COT Report Still Bullish
Gold generally advances in periods of long accumulation and generally sells off during periods of long liquidation.
Long accumulation and liquidation refer to periods when the speculators and managed money are adding to or selling their position.
Disaggregated COT Position July 28
- Managed Money was 211,455 contrats long and 36,945 short. Managed Money decreased long position by 11,885 contracts and decreased the short position by 2,268 contracts. The net of Managed Money is +174,510 contracts.
- Other Reportables were 140,526 contracts long and 37,434 contracts short. Other reportable shorts increased by 10,029 contracts. The net of Other Reportables is +103,092 contracts.
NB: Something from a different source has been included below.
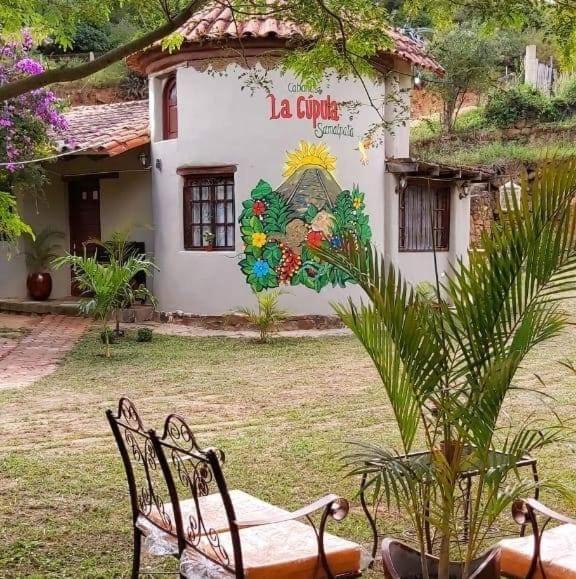 Cabañas la Cúpula - Casa de 2 dormitorios - 1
- Nonreportables were 73,497 contracts long and 30,646 contracts short. The net of Nonreportables is +42,851 contracts.
- The net non-commercial position is 320,453.
Aggregated COT Position July 28
- The Commercials were long 331,272 contracts and short 651,724 contracts.
- The net commercial position was -320,452 which ties to the net non-commercial position in the disaggregated report.
Those numbers are delta-adjusted options and futures combined.
The Futures Only commercial COT position is 139,803 long and 418,180 short for a net of -278,377 which matches the above chart.
Despite the long liquidation since March, gold has advance by about $400 to new record highs.
What About Short Squeezes?
Ignore the talk of commercials having to cover shorts. That is not what drives the process.
The producers don't buy gold and the swap dealers are hedged (long gold and short equivalent futures).
Short squeezes do impact the hedge funds, managed money, and small specs.
Managed money has 36,945 short contracts, other reportables are short 37,434 contracts, and nonreportables are short 30,646 contracts. The total is 105,025 short contracts.
Those are short positions, not net positions, and that is what drives short squeezes, not commercial shorts as widely believed.
There is ample room for Fear of Missing Out (FOMO) to kick in as the managed money and big spec hedge funds sat out much of the recent rally.
And with 105,025 short contracts there is plenty of fuel for a short squeeze too.